**Collected material**
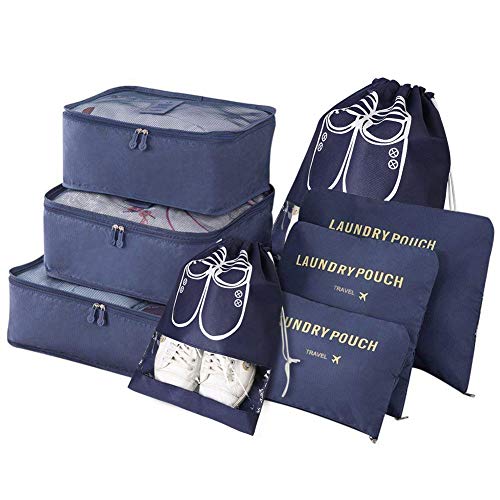 Vicloon Organizador de Equipaje,8 en 1 Set de Organizadores de Viajes, Impermeable Organizador de Maleta Bolsa Incluir 3 Cubos de Embalaje,3 Bolsos de la Compresión y 2 Bolsas de Zapatos (Azul Oscuro) Vicloon Organizador de Equipaje,8 en 1 Set de Organizadores de Viajes, Impermeable Organizador de Maleta Bolsa Incluir 3 Cubos de Embalaje,3 Bolsos de la Compresión y 2 Bolsas de Zapatos (Azul Oscuro)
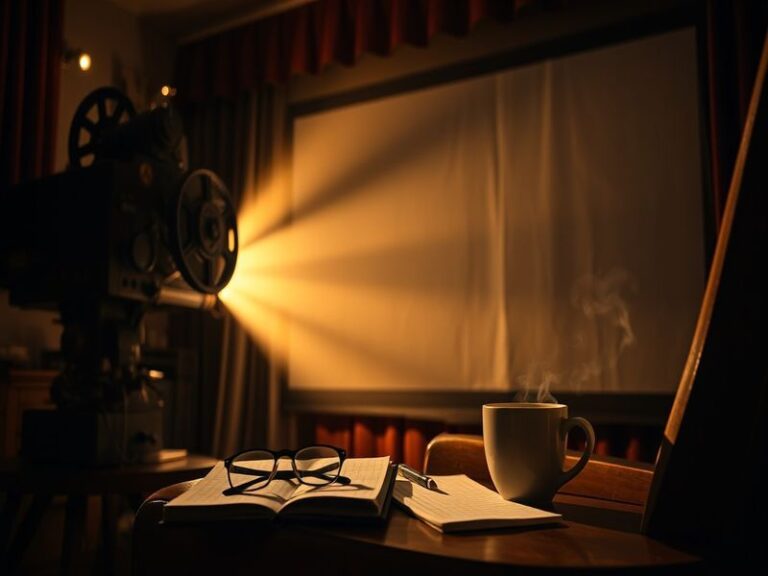 An engaging image of a film critic writing a review, surrounded by movie posters and a laptop, conveying a thoughtful and ana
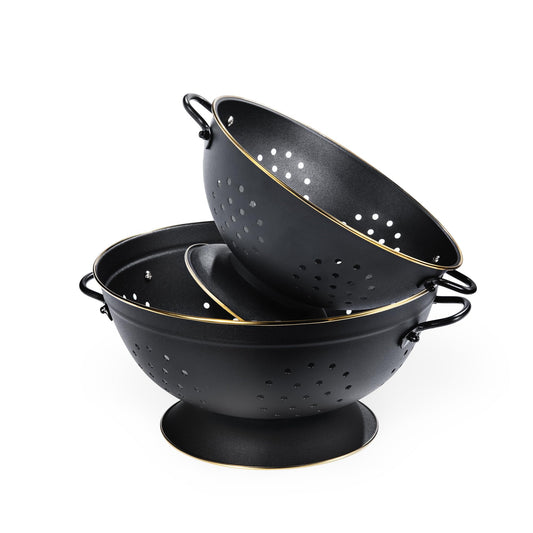 Metal Colander Set of 2, Strainer Basket with Handles perfect for Spaghetti, Pasta, Berry, Vegetable, Fruit, Solid Base Powder Coated Self-draining Kitchen Colander Bowel, 3.5 & 5 Qt, Matte Black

**Assigned task**
Without changing a single word, set down all of the material again and leave out its pictures.

**Output of the exercise**
 Vicloon Organizador de Equipaje,8 en 1 Set de Organizadores de Viajes, Impermeable Organizador de Maleta Bolsa Incluir 3 Cubos de Embalaje,3 Bolsos de la Compresión y 2 Bolsas de Zapatos (Azul Oscuro) Vicloon Organizador de Equipaje,8 en 1 Set de Organizadores de Viajes, Impermeable Organizador de Maleta Bolsa Incluir 3 Cubos de Embalaje,3 Bolsos de la Compresión y 2 Bolsas de Zapatos (Azul Oscuro)
 An engaging image of a film critic writing a review, surrounded by movie posters and a laptop, conveying a thoughtful and ana
 Metal Colander Set of 2, Strainer Basket with Handles perfect for Spaghetti, Pasta, Berry, Vegetable, Fruit, Solid Base Powder Coated Self-draining Kitchen Colander Bowel, 3.5 & 5 Qt, Matte Black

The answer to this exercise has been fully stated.